Into the following tokens

  • puts ( identifier )
  • “ “  ( space )
  • ‘ “ ‘ ( string beginning )
  • “Hello Aliens” ( string content )
  • ‘ “ ‘ ( string end )
  • “\n” ( new line )

You can actually verify this with the help of the Ripper class. Let’s modify the code in our sample_code.rb file to print out the tokens after tokenization

# sample_code.rb
require 'ripper'
require 'pp'

code = <<STR
puts "Hello Aliens"
STR

puts code
pp Ripper.lex(code)

When you execute the above code, you will get the following output

puts "Hello Aliens"
[[[1, 0], :on_ident, "puts"],
 [[1, 4], :on_sp, " "],
 [[1, 5], :on_tstring_beg, "\""],
 [[1, 6], :on_tstring_content, "Hello Aliens"],
 [[1, 18], :on_tstring_end, "\""],
 [[1, 19], :on_nl, "\n"]]

The output of Ripper.lex is an array of arrays. Each element in the array has information regarding the tokens. The first element is the line number and column number where the token was found. The second element is the classification of the token, whether it is a string, integer, new line, empty space, identifier, keyword, etc.  

The tokenizer doesn’t check for any syntax i.e even if you provide a wrong syntax it will blindly convert it into tokens. Let’s modify the sample_code.rb to have incorrect syntax

# sample_code.rb
require 'ripper'
require 'pp'

code = <<STR
puts "Hello Aliens
STR

puts code
pp Ripper.lex(code)

The output will be

puts "Hello Aliens
[[[0, 6], :on_tstring_end, "Hello Aliens\n"],
 [[1, 0], :on_ident, "puts"],
 [[1, 4], :on_sp, " "],
 [[1, 5], :on_tstring_beg, "\""]]

Parsing

While parsing Ruby actually tries to group the tokens into phrases that actually makes sense to Ruby. Ruby uses parse generator called Bison to create the parser class. The input to the parser is set of grammar rules. Ruby builds this parser during the build process. Ruby uses LALR algorithm ( Look-Ahead Left Reversed Rightmost Derivation ) to parse the tokens. It reads the tokens from left to right, trying to match the pattern to one or more grammar rules. The parser also looks at the next token in the stream when trying to figure out which rule to match.

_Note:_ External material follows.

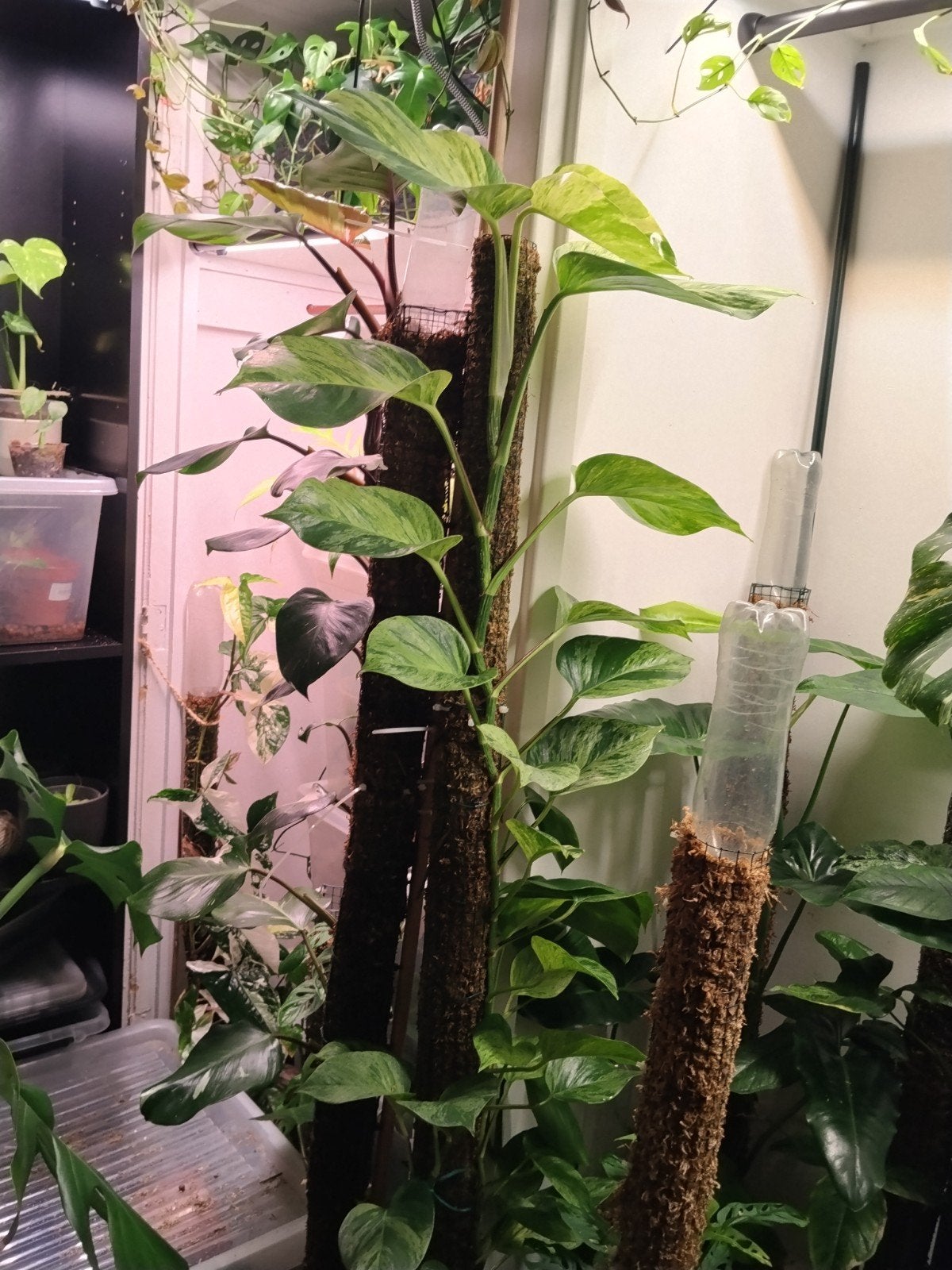 Pepipremnum Marble Queen op mospaal, Ophalen, Halfschaduw, 150 tot 200 cm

To see the output of the parsing stage you have to pass the code to Ripper#sexp. Here is a sample code:

# sample_code.rb
require 'ripper'
require 'pp'

code = <<STR
puts "Hello Aliens"
STR

puts code
pp Ripper.slex(code)

And the output when the above code when executed is:

puts "Hello Aliens"
[:program,
 [[:command,
   [:@ident, "puts", [1, 0]],
   [:args_add_block,
    [[:string_literal,
      [:string_content, [:@tstring_content, "Hello Aliens", [1, 6]]]]],
    false]]]]


This output is a data structure called Abstract Syntax Tree. The data structure is used to record the structure and meaning of the Ruby code. The graphical representation of the above output is

Abstract Syntax Tree

The command node or the function call is followed by the identifier/function to be called. The args_add_block has the list of arguments or block passed to the function. Here a string literal with content “Hello Aliens” is passed to the puts method.

Compilation

Ruby version 1.9 introduced compiler which compiles the ruby code before executing. Ruby compiler translates your code into another language which Ruby’s virtual machine understands.  Ruby’s compiler runs in the background without the need of our interaction.  Ruby compiles the AST into low-level bytecode which ( Yet Another Ruby Virtual Machine ) YARV can understand. YARV is an interpreter which executes the code.